法のかたち-所有と不法行為
第十話 所有権法と不法行為法-請求権の構成
法学博士 (東北大学)
平 井 進
4 富井政章の不法行為・所有権論
富井政章は、前述のように、所有権の規定が原因と結果を混同しているとして批判していた。彼は、所有権法と不法行為法の関係について論ずるにあたり、不法行為について、原状回復が本則であって、それは所有物の取戻しと同じであるとして、次のように述べている。「金銭を以てすることは強行規定にあらず。金銭以外の方法によりて賠償をなすことを定むるも妨げなし。先づ原状回復をなし得べき場合は之れをなすことを本則とす。即ち、所有物取戻の如し。」[1]

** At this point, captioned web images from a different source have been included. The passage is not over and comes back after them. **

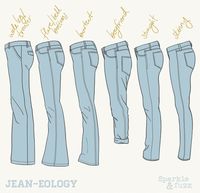 Old and new Denim Wholesale Los Angeles trends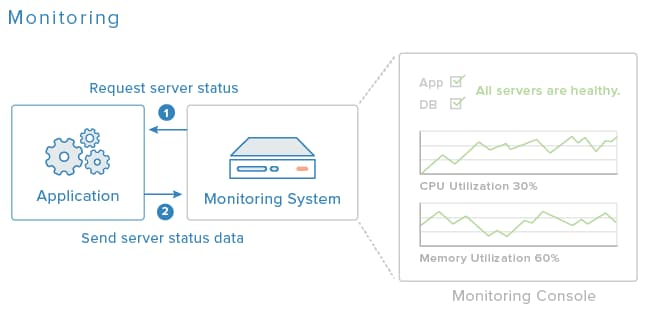 Monitoring Example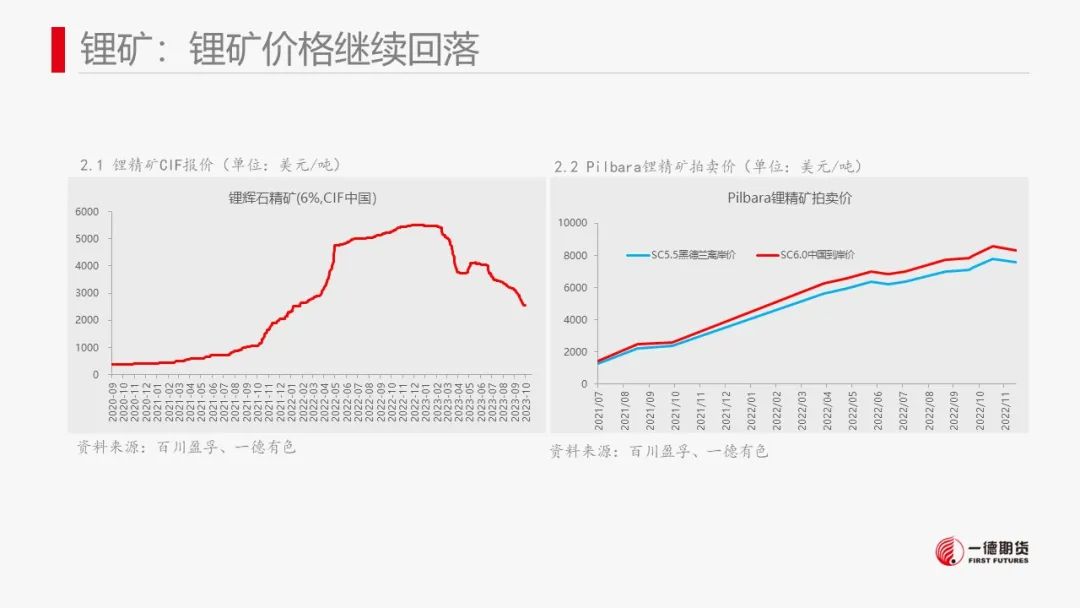 中国铁矿最新动态，行业综述与发展展望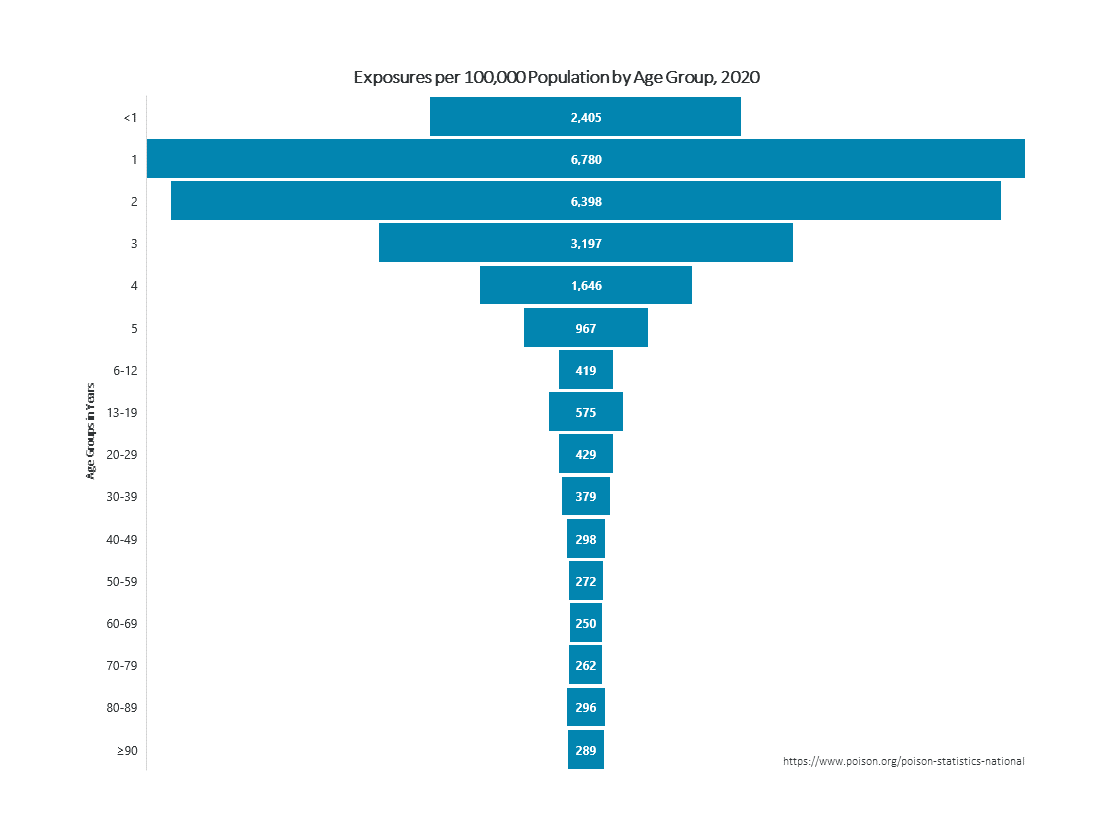 Exposures per 100,000 Population by Age Group, 2020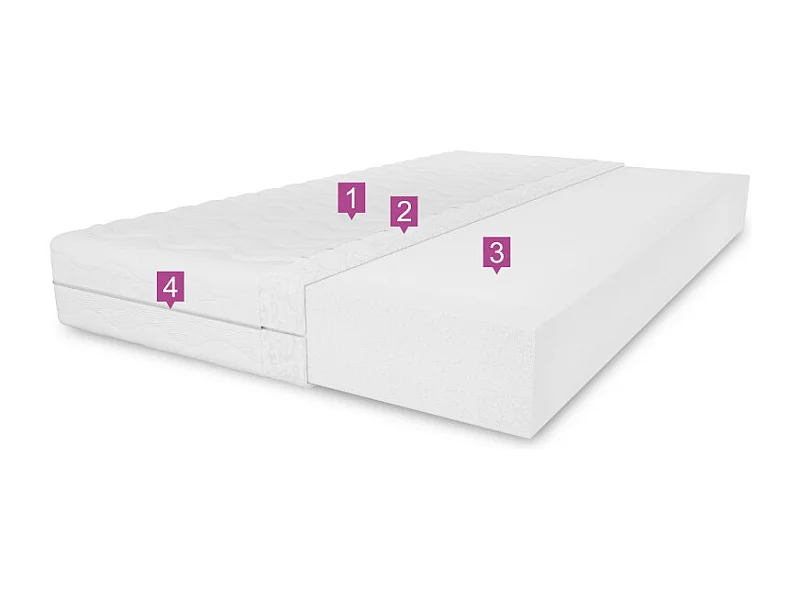 Matelas en mousse Luna 20 120x200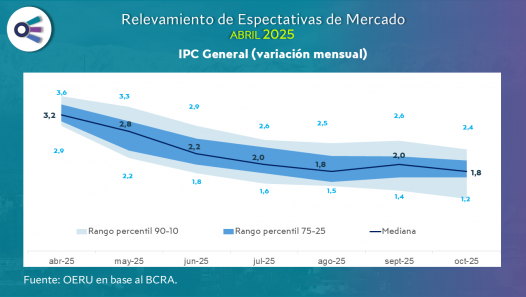 imagen Relevamiento de expectativas de mercado (abril 2025)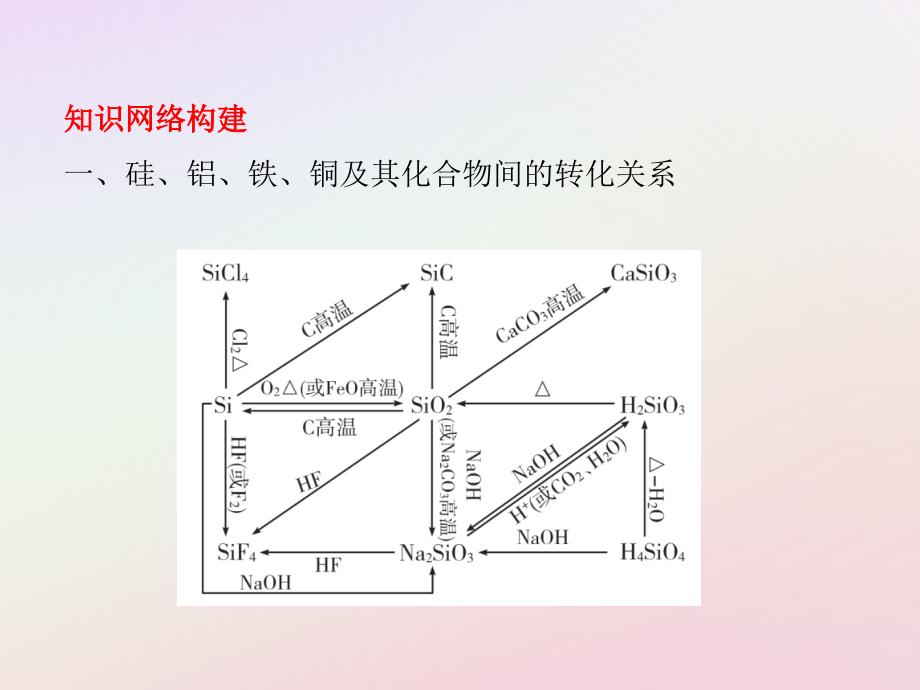 2018-2019版高中化学 第4章 材料家族中的元素章末知识整合课件 鲁科版必修1_第2页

また、富井は、不法行為の差止は明文がなくとも当然であるとする。[2]富井は民法を起草した三委員の一人であったので、これらの見解はそこにおける共通理解であったのであろう。これらから彼のいう不法行為の救済機能をまとめると、次のようになる。
原状回復 本則。所有物の取戻と同様。
差止 明文がなくとも当然。
金銭賠償 上記以外に方法がない場合。強行規定ではない。
さらに、富井は、不法行為と所有権(物権)の保護の共通性について、次のように述べている。「生命・身体・自由・名誉其他、父子・夫婦たる身分の権」について、「目的物の有形物体に係ると否とは法理上」「権利の本質に直接の関係を有するもの」ではなく、「身分・名誉等の権利は所有権其他、普通物権と称する権利と其性質及び効力を異にすることなし。即ち、法律の範囲内に於て、社会一般の者に対して行ふの権利なり。何人と雖も、其権利の実行を妨害することを得ず。(略)此対世的の権利義務の外に(略)特定人の義務なきなり。総て此等の諸点に於て所有権と其性質・効力を異にする所あるを見ず。」フランス民法第1382条においては、「此等の権利を保護するに所有権を保護すると同一の訴権を以て」「其侵犯を救済せり。」[3]

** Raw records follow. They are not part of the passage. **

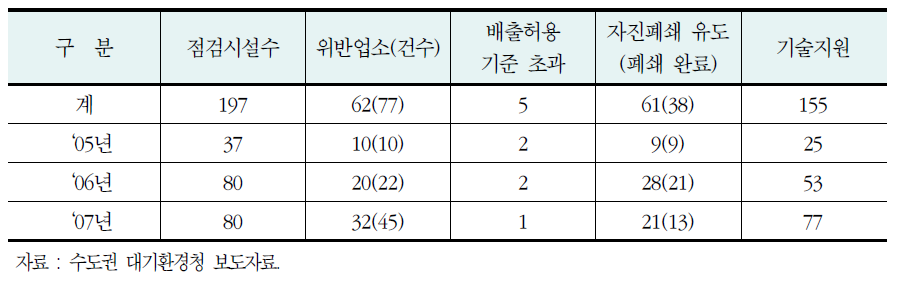 소형 소각시설 특별점검 결과 (개소)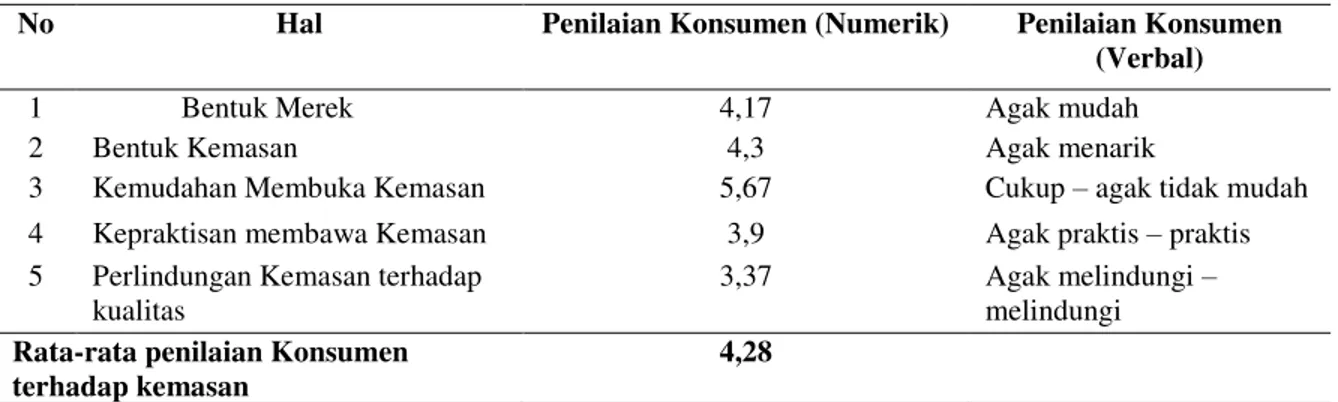 Tabel 2. Rata-rata penilaian Konsumen terhadap Pengemasan Kerupuk Jangek  Agroindustri XXX 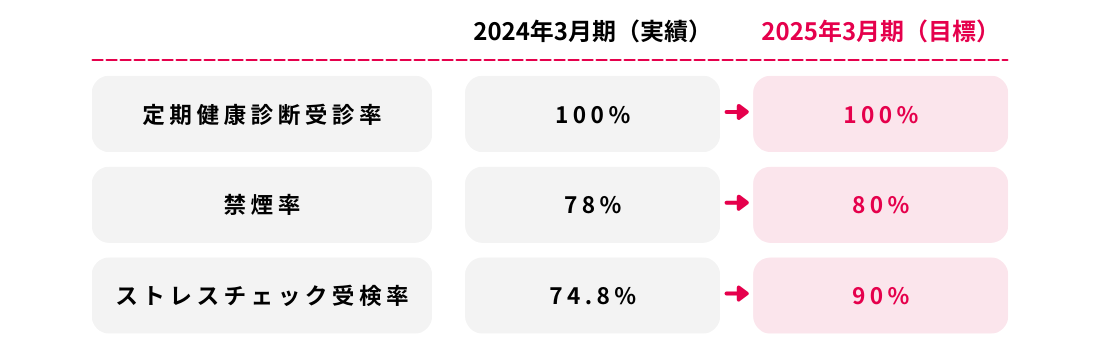 健康経営の取り組み状況に関する指標
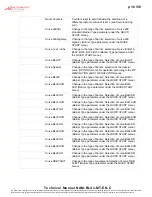 Preview for 16 page of Automatic Systems BL40 Technical Manual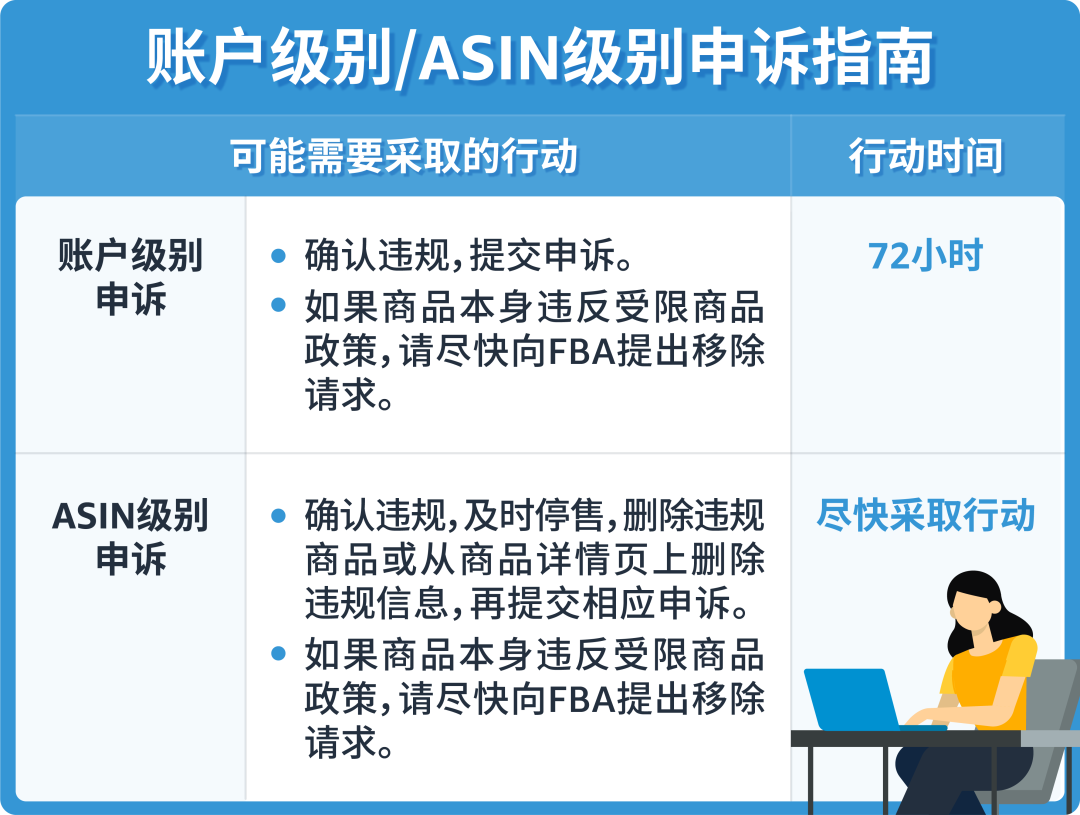 【收藏】亚马逊受限商品政策解读，违规申诉全指导！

このように、富井において不法行為と所有権の作用をまとめると次のようになる。
原状回復 所有権における取戻。不法行為における本則。
差止 所有権における侵害停止。不法行為において当然。
金銭賠償 不法行為(上記以外に方法がない場合)。
[1] 富井博士(註、富井政章)『債権各論 完』(石田松之助, 1914)184頁。

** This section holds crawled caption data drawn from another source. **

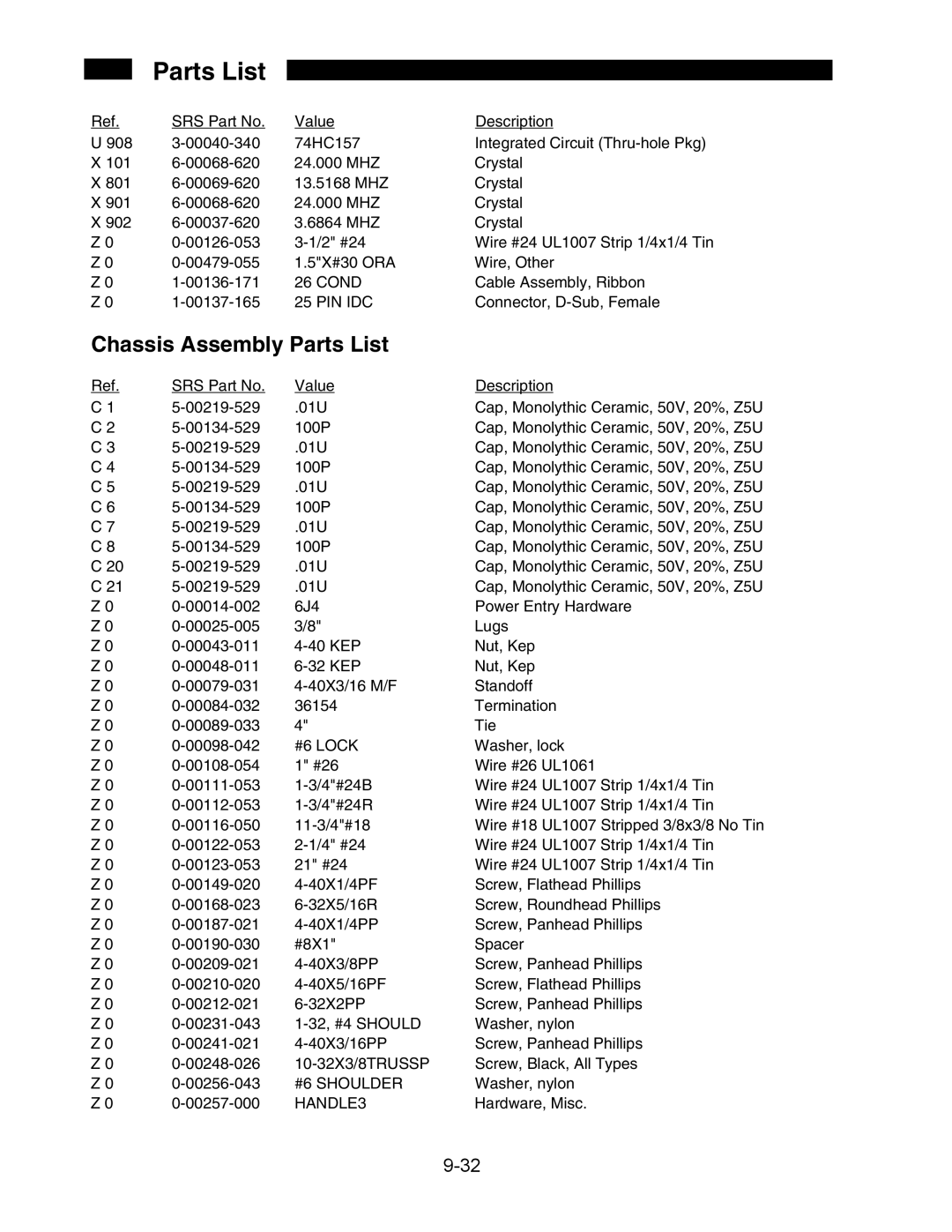 SRS Labs SR850 manual Chassis Assembly Parts List 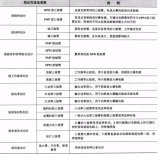 三极管种类、符号、参数、结构、原理全攻略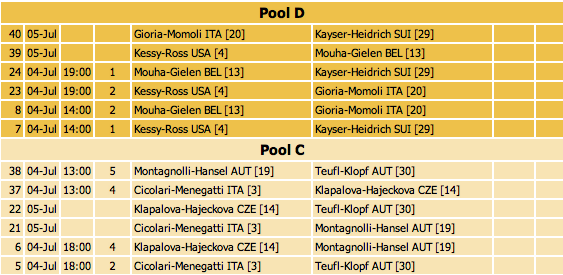 Grand Slam Gstaad donne: Cicolari-Menegatti e Gioria-Momoli al via nel main draw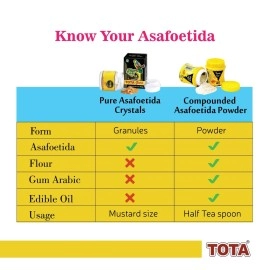 TOTA Gold 100% Pure Hing Crystals - 100% Natural Gluten Free Heeng / Asafoetida Granule (Nothing Else Mixed) - 10 Gm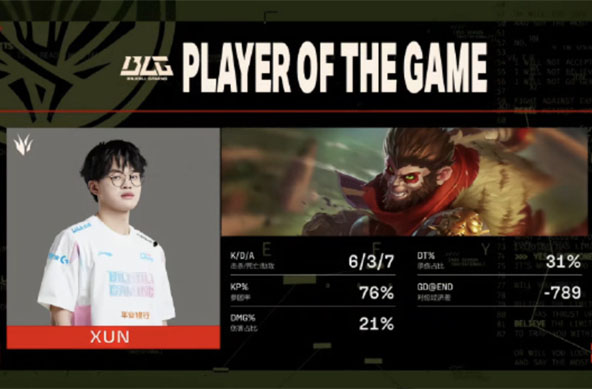 2023MSI季中冠军赛复活赛BLG vs G2第三把战报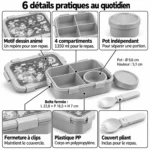 6 détails pratiques de la lunch box enfant compartiment 1350 ml : 4 compartiments, pot indépendant, fermeture à clips, plastique PP et couvert pliant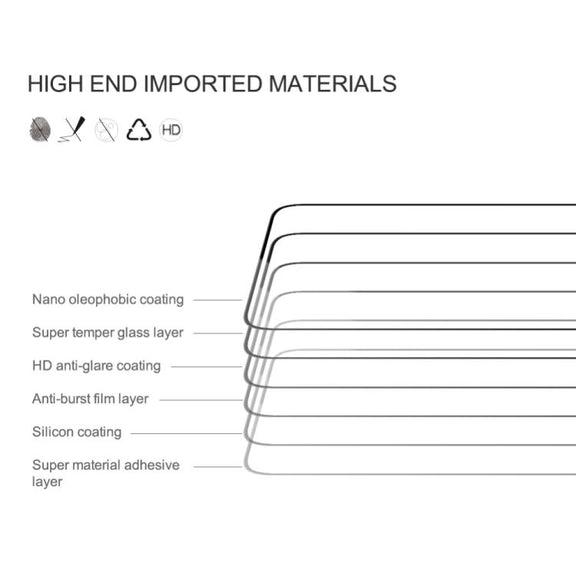 For Redmi K80 / K80 Pro NILLKIN CP+Pro 9H Explosion-proof Tempered Glass Film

[2] 金銭賠償以外の救済方法として、「不法行為の中止を請求することなり。之れは何等の明文もなきも、当然のことと解す。(略)明文なくとも、元より被害者に此権利あるは当然のことなり。」同上, 216-217頁。
[3] 富井政章『損害賠償法原理 完』(日本同盟法学会出版, 1895)36-37頁。前述の大正10年の大審院判決(妨害排除を権利一般の性質とする)は、この構成をとっていたことが分かる。